DATASET RECORDS:
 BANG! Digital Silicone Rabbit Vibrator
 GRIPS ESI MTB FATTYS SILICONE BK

* * *

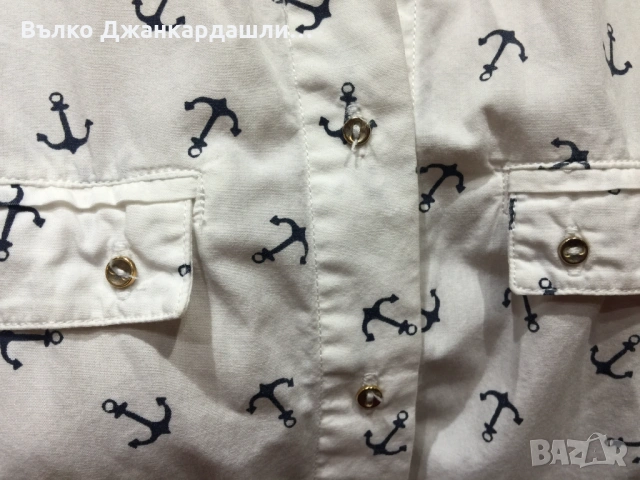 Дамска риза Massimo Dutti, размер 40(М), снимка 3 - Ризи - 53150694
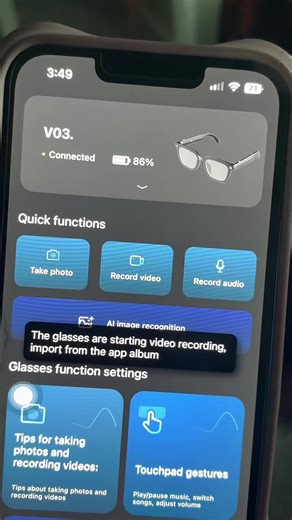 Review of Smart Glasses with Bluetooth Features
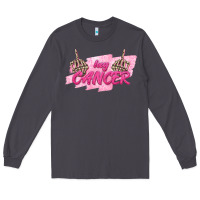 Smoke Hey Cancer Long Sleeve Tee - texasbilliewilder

* * *

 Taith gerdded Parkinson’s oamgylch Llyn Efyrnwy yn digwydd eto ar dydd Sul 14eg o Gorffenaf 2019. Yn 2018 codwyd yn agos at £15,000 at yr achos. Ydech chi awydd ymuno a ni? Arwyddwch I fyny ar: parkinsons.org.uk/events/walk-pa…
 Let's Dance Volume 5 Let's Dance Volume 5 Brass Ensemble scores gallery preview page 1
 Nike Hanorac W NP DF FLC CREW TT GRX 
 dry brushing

ASSIGNMENT:
Repeat, character for character, the lines of the material above from the line with "BANG! Digital Silicone Rabbit Vibrator" through the line with "GRIPS ESI MTB FATTYS SILICONE BK".

SOLUTION FOR THIS TASK:
 BANG! Digital Silicone Rabbit Vibrator
 GRIPS ESI MTB FATTYS SILICONE BK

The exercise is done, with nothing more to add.